Less than one year ago, the Democratic majority in Congress noisily enacted widely heralded ethics reforms requiring significantly increased disclosure by lobbyists of the money spent in the care and feeding of senators and representatives. Now we learn that House Speaker Nancy Pelosi, D-San Francisco, has approved new administrative guidelines relaxing the heart of the reforms — the requirement that the influence-peddlers make public their political contributions and event sponsorships.

This is the same Pelosi who promised to “drain the swamp” of Republican corruption if voters would restore Democrats to power in Congress in 2006. The watered-down guidelines also have the support of Senate Majority Leader Harry Reid, D-Nev., whose purple-tinged invective about GOP scandals more than matched that from Pelosi.
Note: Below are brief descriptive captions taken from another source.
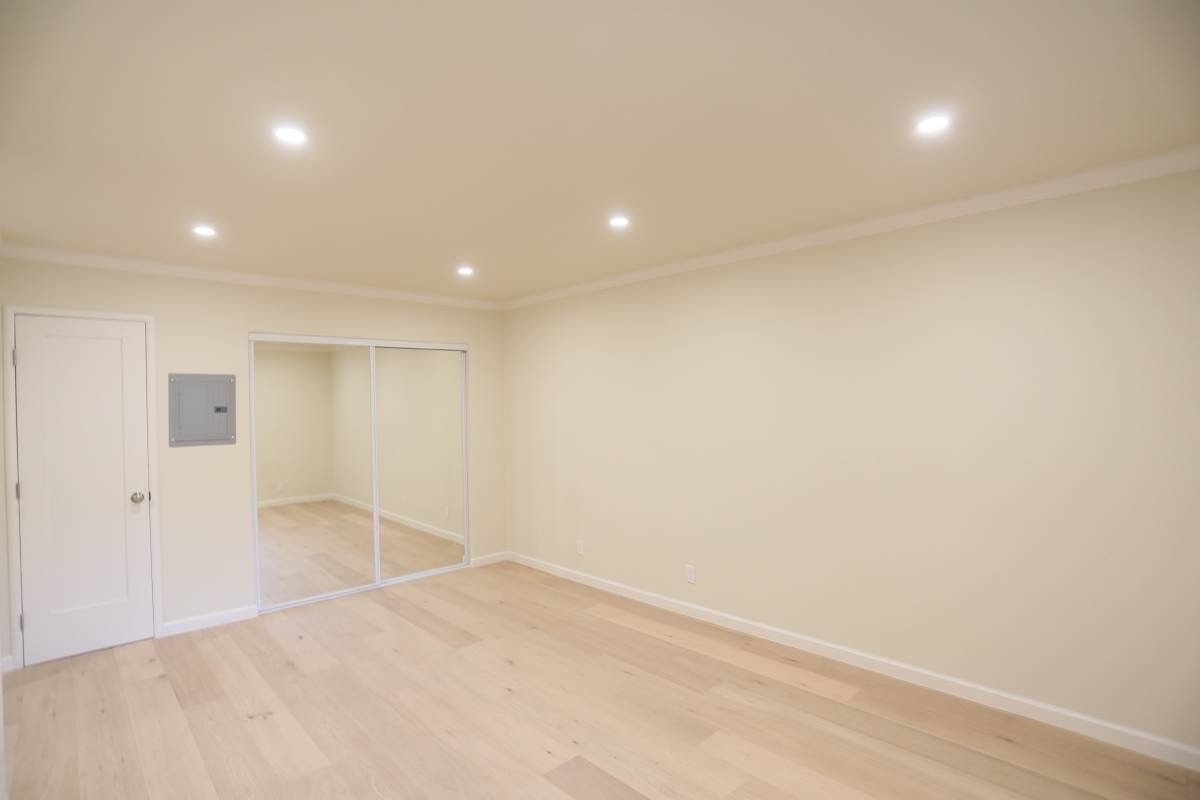 98 Vernon St #201 - Photo 7 of 8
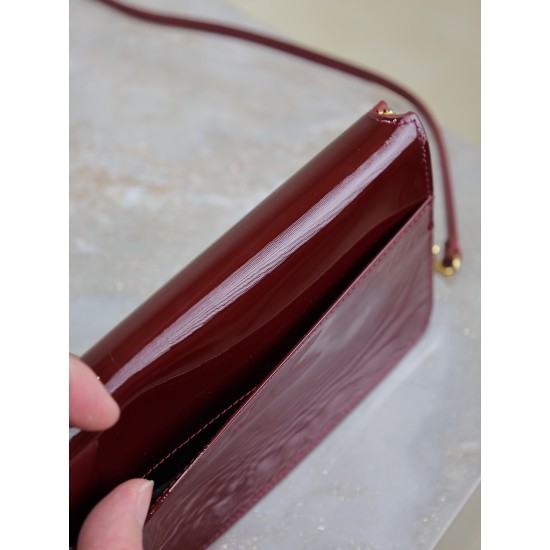 YSL Bags Top Quality
18x11x2cm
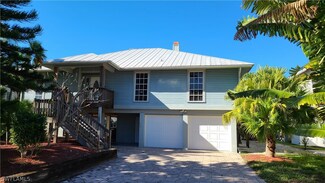 17916 Grey Heron Ct, Fort Myers Beach, FL 33931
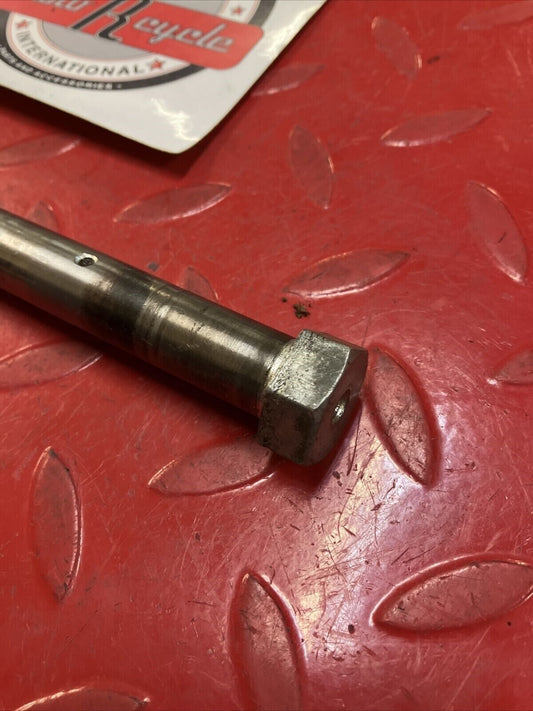 Yamaha RD400 1977 swingarm pivot shaft bolt 1976 1978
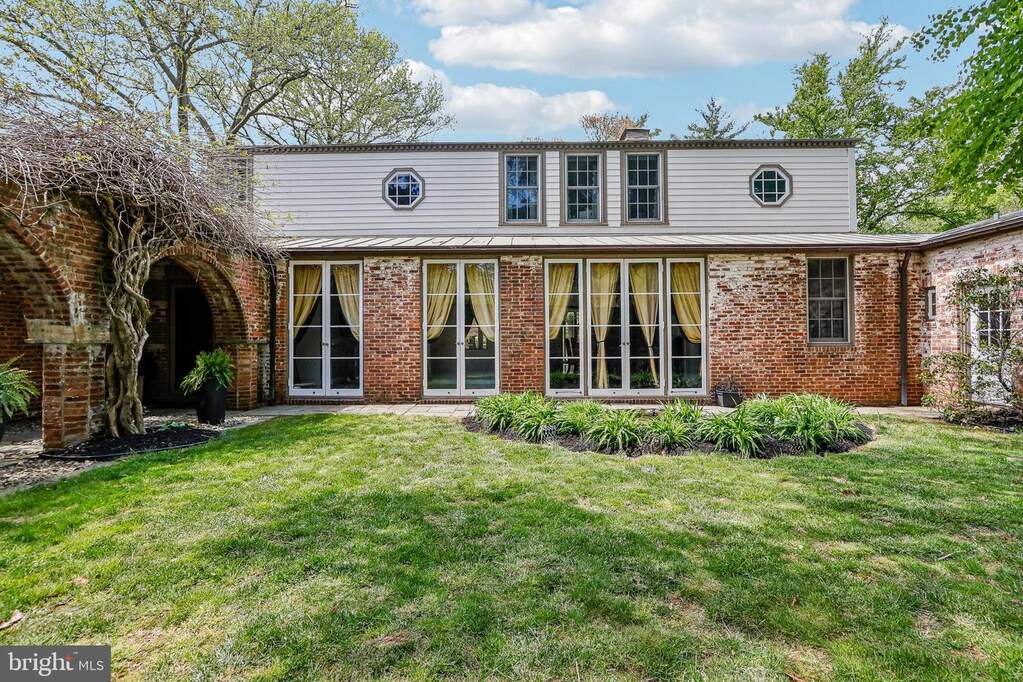 5 Bedroom Single Family Home/House's Image 9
It appears that Pelosi’s action came at the behest of lobbyistsfretting about being able to skirt the reforms in time to do their usual thing at the Republican and Democratic national conventions this summer. The conventions long ago lost their old importance and function now mainly as pro forma presidential nominating forums and the occasion for an orgy of parties, receptions, luncheons and dinners, mostly paid for by lobbyists. The lobbyists need worry no longer, thanks to Pelosi.

Kenneth Gross, a well-known Washington, D.C., lawyer who advises lobbyists, told The Wall Street Journal that “it’s hard to envision any event at the conventions that would trigger disclosure” under the new guidance. Somewhere, Jack Abramoff — the jailed Republican lobbyist who dubbed Congress the “favor factory” — is probably thinking to himself “old boss, new boss, same old boss.”

Voters now realizing how they were conned in 2006 are more likely to recognize another unfolding Pelosi/Reid con, the “Drill Responsibly in Leased Lands Act of 2008.” This legislation is the Democrats’ “use it or lose it” response to Republican demands that Congress lift its ban on tapping the abundant energy supplies in the Arctic National Wildlife Refuge and the Outer Continental Shelf. Pelosi refuses, saying the oil companies should first drill on the 68 million acres of public-lands leases they already have. In fact, new wells are being drilled at the fastest rate in two decades and more would be, but for obstacles such as environmentalist litigation.

The DRILL Act is meant only to enable Democrats to say they are doing something about $4-per-gallon gas while blocking new energy supplies from ANWR and the OTS. Like those promised ethics reforms, the DRILL Act is nothing but words.